**Task directions**
Omit the pictures and extract only the lines from the line containing "RSSTARXI 1 حزمة" to the end of the material, each exactly as written.

**Source material**
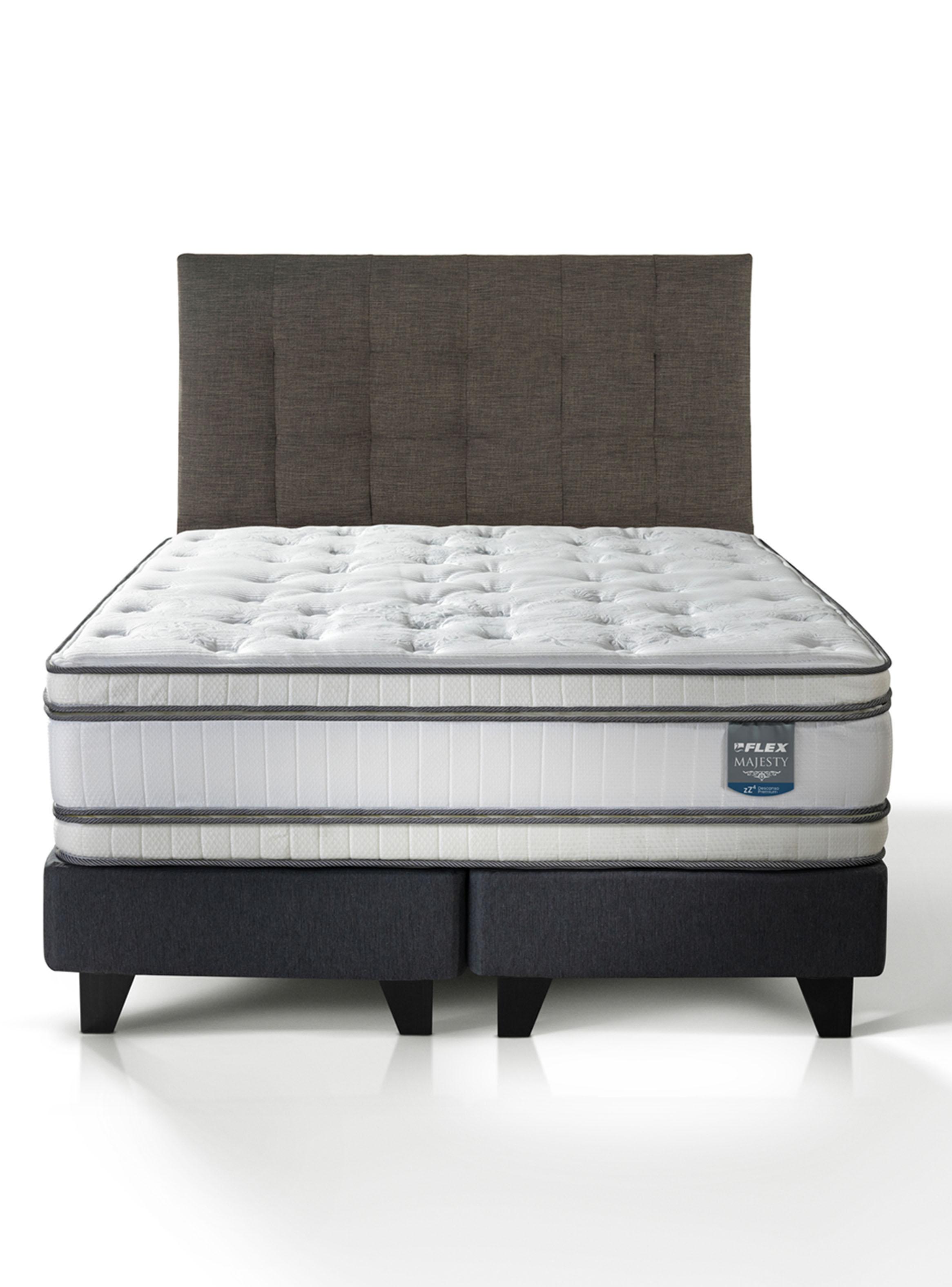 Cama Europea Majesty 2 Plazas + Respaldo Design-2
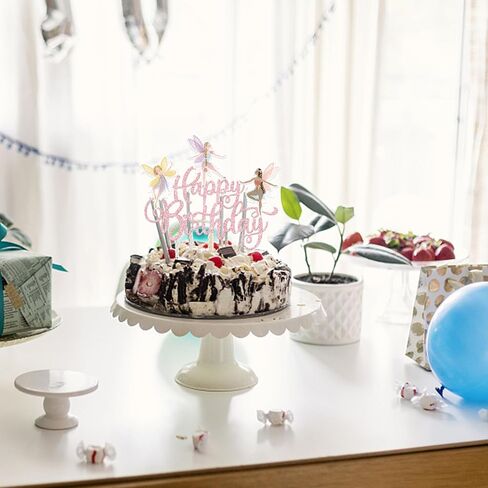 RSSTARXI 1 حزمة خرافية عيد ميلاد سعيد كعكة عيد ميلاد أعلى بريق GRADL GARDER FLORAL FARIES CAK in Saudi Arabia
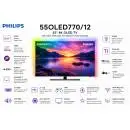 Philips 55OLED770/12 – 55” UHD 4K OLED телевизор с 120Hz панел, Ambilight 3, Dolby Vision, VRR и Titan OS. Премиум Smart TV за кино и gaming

**Answer section**
 RSSTARXI 1 حزمة خرافية عيد ميلاد سعيد كعكة عيد ميلاد أعلى بريق GRADL GARDER FLORAL FARIES CAK in Saudi Arabia
 Philips 55OLED770/12 – 55” UHD 4K OLED телевизор с 120Hz панел, Ambilight 3, Dolby Vision, VRR и Titan OS. Премиум Smart TV за кино и gaming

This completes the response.